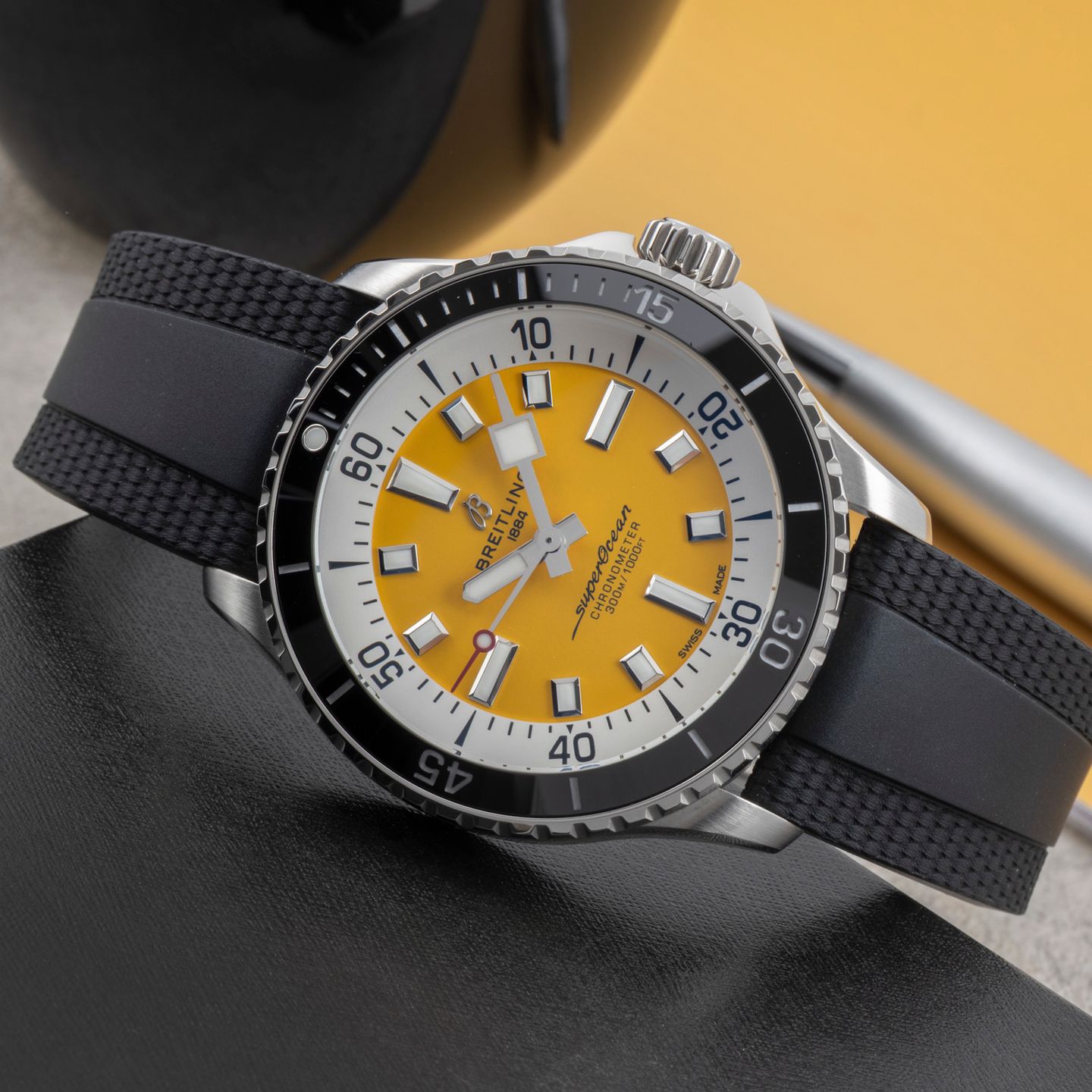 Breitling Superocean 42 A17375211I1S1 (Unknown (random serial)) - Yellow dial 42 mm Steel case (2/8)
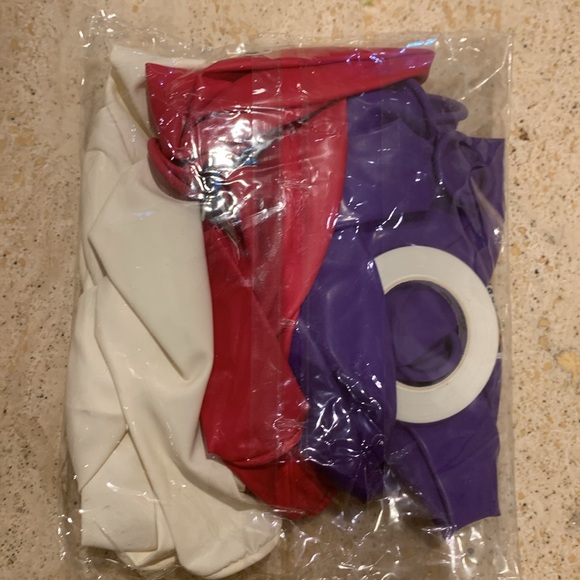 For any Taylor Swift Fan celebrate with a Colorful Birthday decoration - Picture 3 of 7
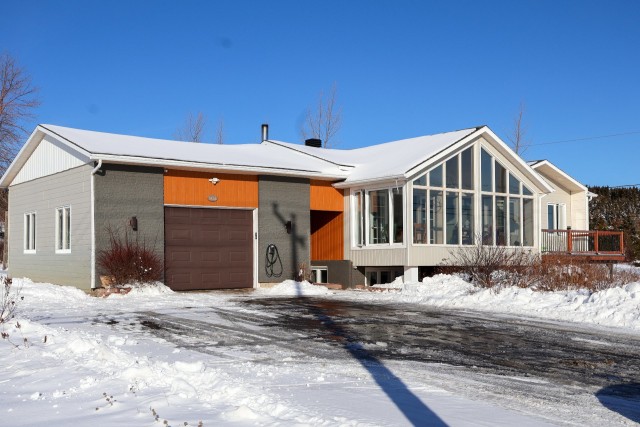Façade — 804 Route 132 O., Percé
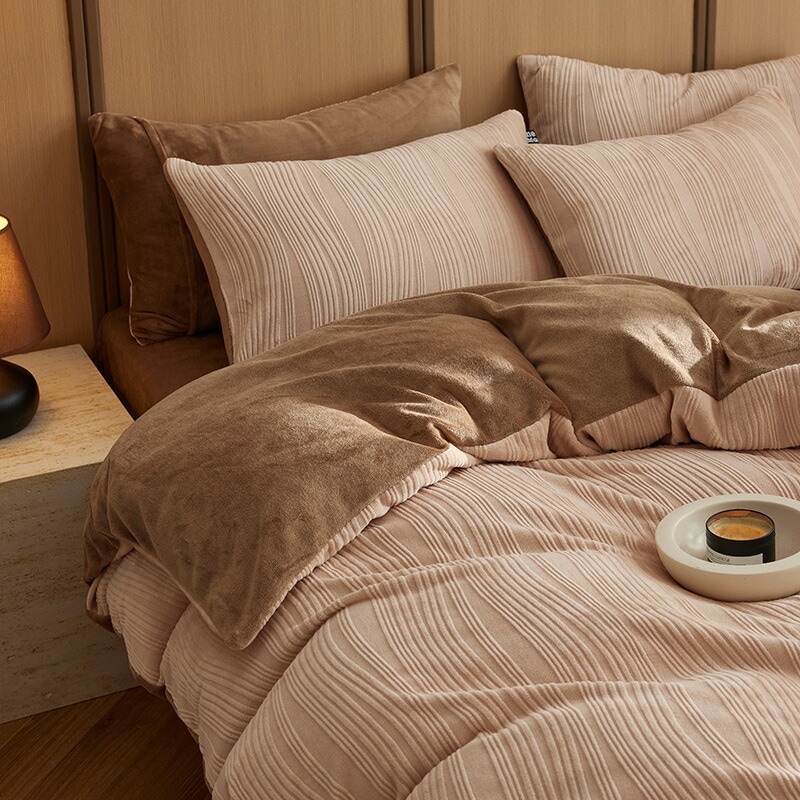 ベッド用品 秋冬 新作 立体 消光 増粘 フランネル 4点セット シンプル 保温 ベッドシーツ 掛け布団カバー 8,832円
-----
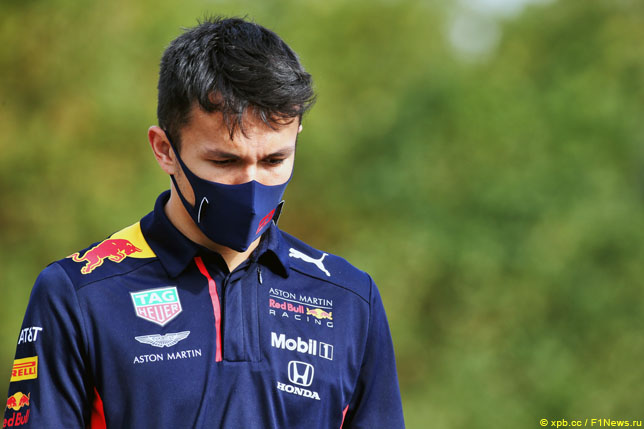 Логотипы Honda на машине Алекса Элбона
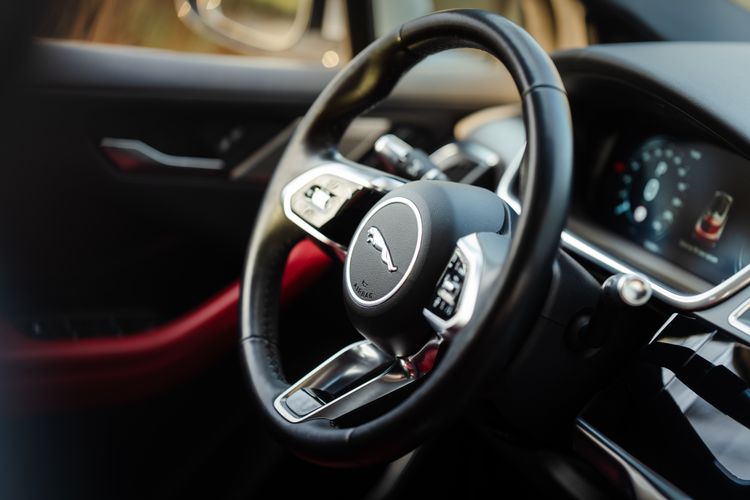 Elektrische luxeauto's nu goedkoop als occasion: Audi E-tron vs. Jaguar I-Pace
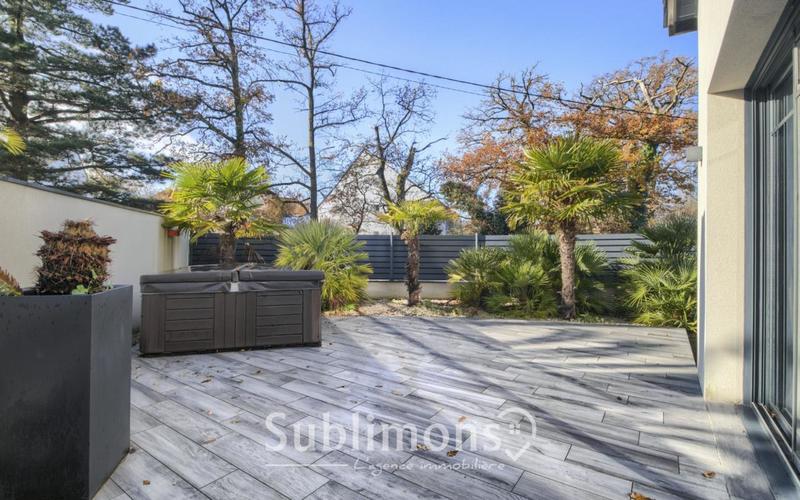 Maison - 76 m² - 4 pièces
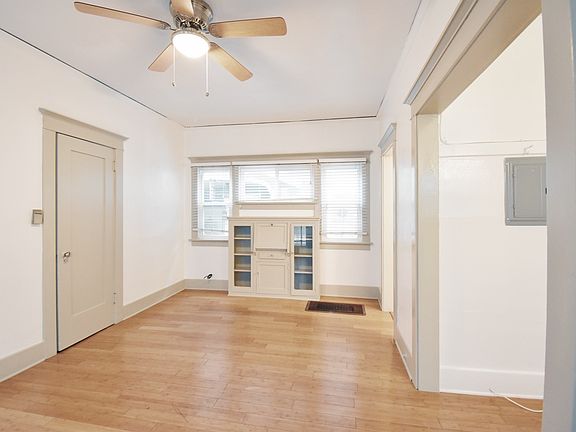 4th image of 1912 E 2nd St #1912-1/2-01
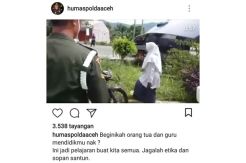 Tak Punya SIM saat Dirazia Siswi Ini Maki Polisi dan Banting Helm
-----
Exercise
Within the data above, repeat exactly the lines from the one bearing "Maison - 76 m² - 4 pièces" through the one bearing "Tak Punya SIM". Include no pictures and nothing else.

Exercise response
 Maison - 76 m² - 4 pièces
 4th image of 1912 E 2nd St #1912-1/2-01
 Tak Punya SIM saat Dirazia Siswi Ini Maki Polisi dan Banting Helm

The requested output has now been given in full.